The self-confident boy starts to be less calm and I catch the first signs of nervousness.
“I saw Mario trying to open my bag, and you insisted that he tried again. Was it to take the test and complete it?” I continue.
“What are you saying teacher, I’d never do such a thing!”
At this point, raising the tone of voice even more, I repeat:
“Did you want to open the bag to take the test?”
“No prof” Ignoring his no:
“Did you want to open the bag to take the test?”
“Did you want to open the bag to take the test?”
“Did you want to open the bag to take the test?”
Three times I repeat the question, progressively raising my tone of voice and ending almost to shout it. At this point, I see that Paolo feels put with his back to the wall, and all he can do is confessing. Crying, he tells me:
“I did not want to do it, teacher, but it was the only way to try to recover and make my mother happy, I know I was wrong, I apologise.”
“Trust is won over facts and not words, these excuses will have value if followed by facts. At this point I ask you to take your responsibilities and summon your mother for tomorrow. Then, we’ll see what to do.”
It seems interesting to me to highlight an aspect of trust which it is essential to build the authentic relationship between student and teacher: the awareness of facts.
When you can identify and share the facts, it is possible to act to change the behaviours.
When this identification and sharing is not achieved, everything is useless and it will be impossible to build a relationship of trust.
At this point, the continuation of school activity may be really superfluous.
The teacher has the duty to always grant confidence. A trust based on the authenticity of facts and behaviour. If these premises are missing, we must be aware that the conclusion of the whole affair is not “better to close your bag when in class”. It would be very trivial as a teaching, and perhaps quite useless in the construction of the teacher-student relationship.

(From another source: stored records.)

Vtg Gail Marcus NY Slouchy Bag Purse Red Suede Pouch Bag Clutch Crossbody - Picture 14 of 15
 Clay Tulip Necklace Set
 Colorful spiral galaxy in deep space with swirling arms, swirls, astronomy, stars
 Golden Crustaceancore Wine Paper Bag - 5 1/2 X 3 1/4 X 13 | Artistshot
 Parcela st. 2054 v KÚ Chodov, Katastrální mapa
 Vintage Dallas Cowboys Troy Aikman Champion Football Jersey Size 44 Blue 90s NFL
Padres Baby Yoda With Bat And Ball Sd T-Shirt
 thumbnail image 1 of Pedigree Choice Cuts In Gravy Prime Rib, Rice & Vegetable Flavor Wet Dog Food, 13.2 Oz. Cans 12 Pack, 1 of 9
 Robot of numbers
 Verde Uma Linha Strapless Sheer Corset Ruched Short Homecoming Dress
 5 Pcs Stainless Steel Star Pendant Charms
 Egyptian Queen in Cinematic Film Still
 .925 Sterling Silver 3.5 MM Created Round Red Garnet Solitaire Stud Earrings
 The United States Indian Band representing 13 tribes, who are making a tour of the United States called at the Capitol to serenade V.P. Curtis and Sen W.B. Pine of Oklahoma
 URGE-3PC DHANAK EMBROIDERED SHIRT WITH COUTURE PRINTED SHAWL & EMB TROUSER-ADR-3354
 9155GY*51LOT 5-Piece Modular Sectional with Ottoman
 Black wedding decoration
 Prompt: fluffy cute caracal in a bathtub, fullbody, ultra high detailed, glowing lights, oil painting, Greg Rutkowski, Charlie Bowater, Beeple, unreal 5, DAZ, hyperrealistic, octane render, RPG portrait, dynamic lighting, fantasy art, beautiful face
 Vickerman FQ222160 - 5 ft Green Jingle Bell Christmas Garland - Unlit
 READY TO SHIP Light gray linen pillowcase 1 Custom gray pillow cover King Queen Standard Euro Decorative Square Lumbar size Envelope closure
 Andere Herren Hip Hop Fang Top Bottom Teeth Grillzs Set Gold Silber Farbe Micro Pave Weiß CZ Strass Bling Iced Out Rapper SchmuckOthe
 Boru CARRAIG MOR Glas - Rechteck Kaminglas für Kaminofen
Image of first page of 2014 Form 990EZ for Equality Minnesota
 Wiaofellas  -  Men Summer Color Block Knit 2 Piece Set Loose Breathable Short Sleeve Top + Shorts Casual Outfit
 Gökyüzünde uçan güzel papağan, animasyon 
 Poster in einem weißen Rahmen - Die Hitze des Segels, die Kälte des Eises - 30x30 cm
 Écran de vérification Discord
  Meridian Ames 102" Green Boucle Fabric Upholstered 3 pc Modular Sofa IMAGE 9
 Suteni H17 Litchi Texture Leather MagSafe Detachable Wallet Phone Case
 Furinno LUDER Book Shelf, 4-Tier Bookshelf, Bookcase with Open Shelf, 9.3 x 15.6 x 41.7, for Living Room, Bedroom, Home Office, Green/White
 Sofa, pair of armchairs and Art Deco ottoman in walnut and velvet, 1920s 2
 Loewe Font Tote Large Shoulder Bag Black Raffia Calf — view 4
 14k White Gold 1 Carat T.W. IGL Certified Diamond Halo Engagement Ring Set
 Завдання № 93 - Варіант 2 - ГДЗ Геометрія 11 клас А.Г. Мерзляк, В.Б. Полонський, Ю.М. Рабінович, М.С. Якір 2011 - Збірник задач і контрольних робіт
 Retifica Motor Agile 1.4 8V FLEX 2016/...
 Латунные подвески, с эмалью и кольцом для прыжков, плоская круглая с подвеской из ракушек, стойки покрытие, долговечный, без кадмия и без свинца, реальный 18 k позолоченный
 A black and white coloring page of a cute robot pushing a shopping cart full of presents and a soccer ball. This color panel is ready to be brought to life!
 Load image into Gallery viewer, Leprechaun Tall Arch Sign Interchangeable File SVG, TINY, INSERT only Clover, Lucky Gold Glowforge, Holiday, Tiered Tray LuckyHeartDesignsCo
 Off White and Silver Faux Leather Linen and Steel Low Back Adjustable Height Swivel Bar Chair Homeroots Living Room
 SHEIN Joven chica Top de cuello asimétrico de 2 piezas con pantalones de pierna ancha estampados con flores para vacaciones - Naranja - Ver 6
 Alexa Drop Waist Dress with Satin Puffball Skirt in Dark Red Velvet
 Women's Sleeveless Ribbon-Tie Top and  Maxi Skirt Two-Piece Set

The lesson I learned from this experience is that, by identifying the facts and sharing them with the person concerned, I was able to make it clear, firstly on what basis the trust should have been built, and secondly that I was always ready to grant it. The price to pay for trust is called truth. Building a relationship of trust means discovering the foundations on which this trust must be built. And surely, the basis of trust is the truth. Truth of facts, of things that are seen and heard, truth of feelings, profound truths. The hidden truths undermine trust, make it fragile, shaky. When you trust, you can also not see and not know everything, because, in any case, the person you trust will be able to guarantee a good outcome from the action that you expect him/her to perform.
Trust is the basis of delegation and delegation is the basis for the smooth functioning of complex organisations such as schools.
When you don’t trust, you increase the controls. When you trust, you improve the results.
A school based on trust is therefore a school that knows how to give value to relationships among people. And I believe that in a school like this, the teachers who know how to trust the truth are the teacher on whom we can rely, to start the real scholastic reformation: the family school alliance based on trust.
Paolo failed the school year and then went on to night schools. He graduated with the minimum. He worked as a bricklayer for a while, then as a foreman. I never knew if the lesson he was taught was useful. I certainly haven’t given up trusting my students. A trust anchored to truth creates the awareness on which to build the man of tomorrow.